To report a case of non-alcoholic Wernicke’s encephalopathy presenting with psychosis.

Wernicke’s encephalopathy is a neurological syndrome secondary to thiamine deficiency. Although most commonly associated with chronic alcoholism, it is also seen with nutritional deficiencies. It is characterized by a classic triad of encephalopathy, ophthalmoplegia, and ataxia. Although confusion is common, psychosis as a presenting sign hasn’t been reported. Typical MRI findings include symmetric changes in the thalami, mammillary bodies, and periaqueductal region, but atypical areas can be involved including rare cortical involvement.

A 39-year-old male with a 6-month history of vomiting was admitted for acute-onset psychosis one week following a cholecystectomy. On presentation, the patient was paranoid of family members’ motives, having delusions of infidelity, and had vertical nystagmus. His initial vital signs, CSF studies, EEG, and MRI Brain were normal. He was incidentally found to have lung nodules on CT Chest, which were biopsied, revealing pulmonary sarcoidosis. He became progressively apathetic, encephalopathic, ultimately becoming nonverbal, developed profound neuropathy, and hypophonia. A course of Methylprednisolone was tried due to concern for neurosarcoidosis with no improvement.
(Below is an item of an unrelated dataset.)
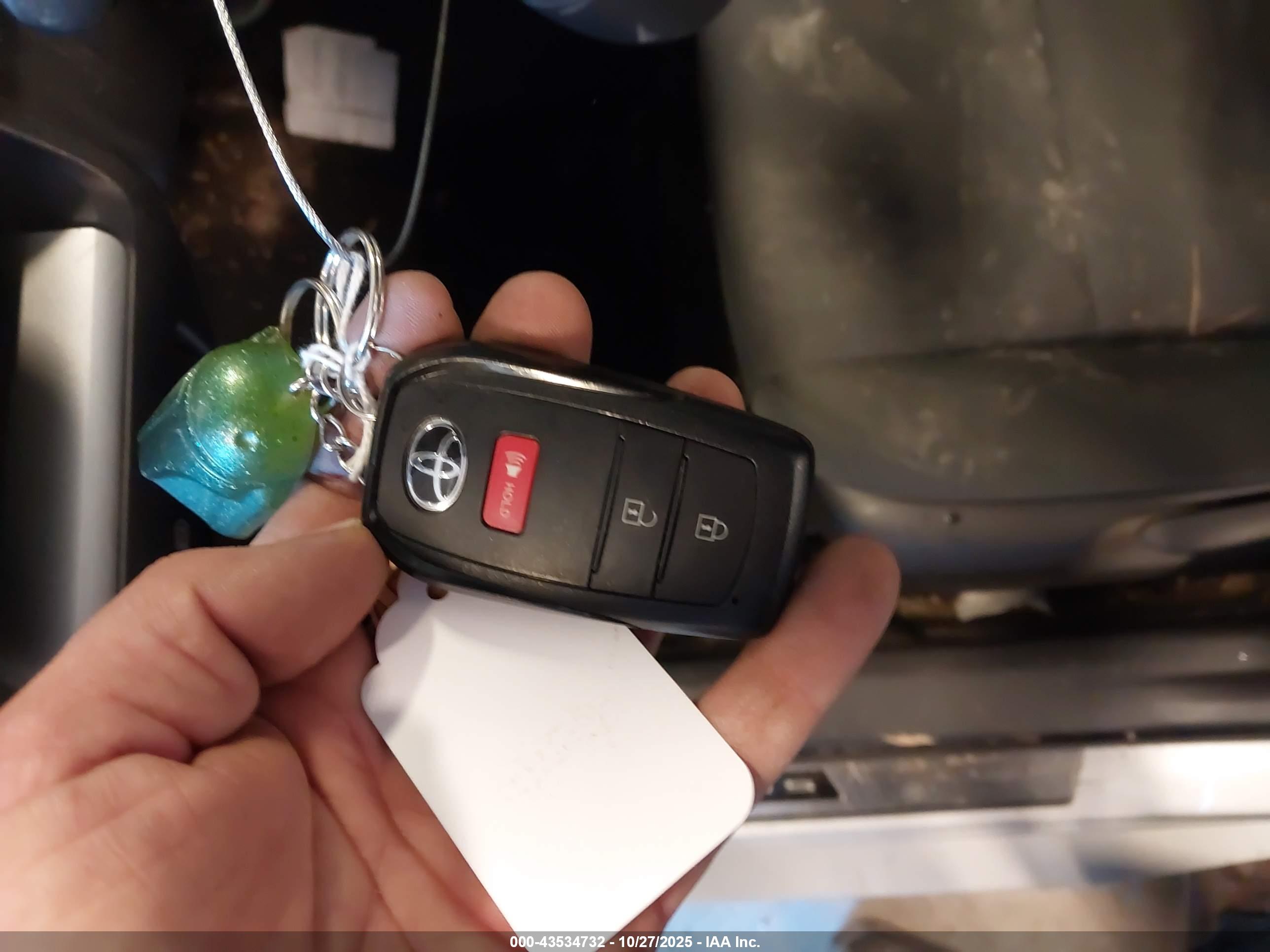 TOYOTA PRIUS image 11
A third MRI Brain, three weeks after presentation revealed cortical ribboning in bilateral frontal lobes and FLAIR hyperintensity along thalami, mammillary bodies, and periaqueductal region. It took three weeks from symptom onset to recognition of Wernicke’s encephalopathy and thiamine repletion. On discharge, the patient had slight improvement in his mentation, had vertical nystagmus, was hypophonic, and apathetic. Fifteen months following discharge, the patient is residing in a skilled nursing facility with severe memory deficits.

It is important to recognize psychosis as a potential predominant presenting feature of Wernicke's encephalopathy since symptoms could be reversible with early recognition and treatment. Cortical ribboning, while typically seen in prion disease, can be seen in severe cases of Wernicke’s encephalopathy.